Our conclusion remains the same. There is probably enough oil on this planet to last a long time. The big problem is how to find it, how to get it out, and how to keep profit margins at a level that makes all the extra risk worthwhile.
The outcome for consumers is still the same. Higher oil prices are here to stay, barring a major economic catastrophe.
Is A Price Explosion Coming In Energy?
Is this the big run to $100 oil? $3.00 gas, is already almost a foregone conclusion, at least for drivers that use premium gasoline in their vehicles.
Oil prices remained above $67 overnight in near term contracts, as U.S. gasoline supplies fell a surprising 14.1 million barrels in the last reporting week.
Last week, we noted that the switch from gasoline containing MTBE to fuel mixed with ethanol and other additives would be difficult, due to the infrastructure problems facing the industry.
On April 1, we penned the following key points, worth repeating:
- Assuming that there is enough ethanol to meet demand, there is another issue, that of getting the stuff from one place to another.
- Because gasoline containing ethanol tends to attract water, it can't be shipped by pipeline. That means that trucks and railroad cars that specialize exclusively in the transport of the fuel will be needed.
- According to UPI: "Bill Douglass, who testified on behalf of the Society of Independent Gasoline Marketers of America and the National Association of Convenience Stores, told the committee that gasoline wholesalers were scrambling to hire more truckers as well as contractors to clean out and prepare tanks for ethanol storage."

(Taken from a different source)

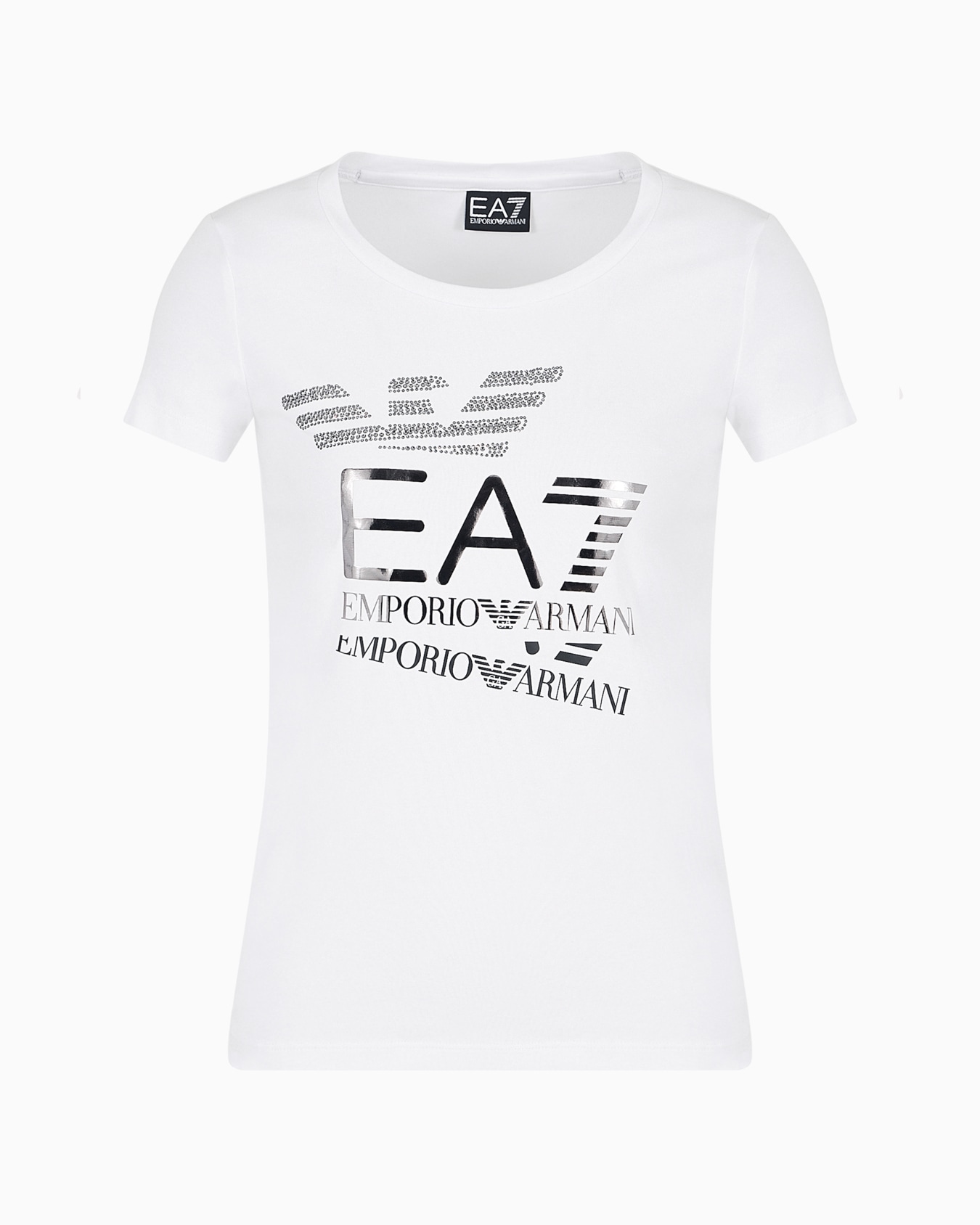 T-shirt ras-du-cou Logo Series en coton stretch Diapositive 0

- According to the Oil & Gas Journal: "The ethanol supply crunch already is being felt now and will continue at least through May 6 when MTBE lawsuits can be moved into the federal court system. The ethanol supply chain faces issues of delivery of this new and necessary component of gasoline into terminals, then blended with RBOB to make finished gasoline, and finally delivered into service stations."
- The situation could be worsened by the fact that "many terminals do not have the space for separate tanks" in which to blend and hold the new ethanol blends "and many terminals lack access to the rail system used to deliver bulk ethanol."
Green energy stocks rallied on the news along with oil stocks, with the Wilderhill Clean Energy Index struggling to remain near its recent highs.
Crude oil is testing the $65-$70 area in near term contracts, but the September contract was trading above $70 overnight.
Oil and energy stocks, gained nicely on 4-5 and look ready to move higher.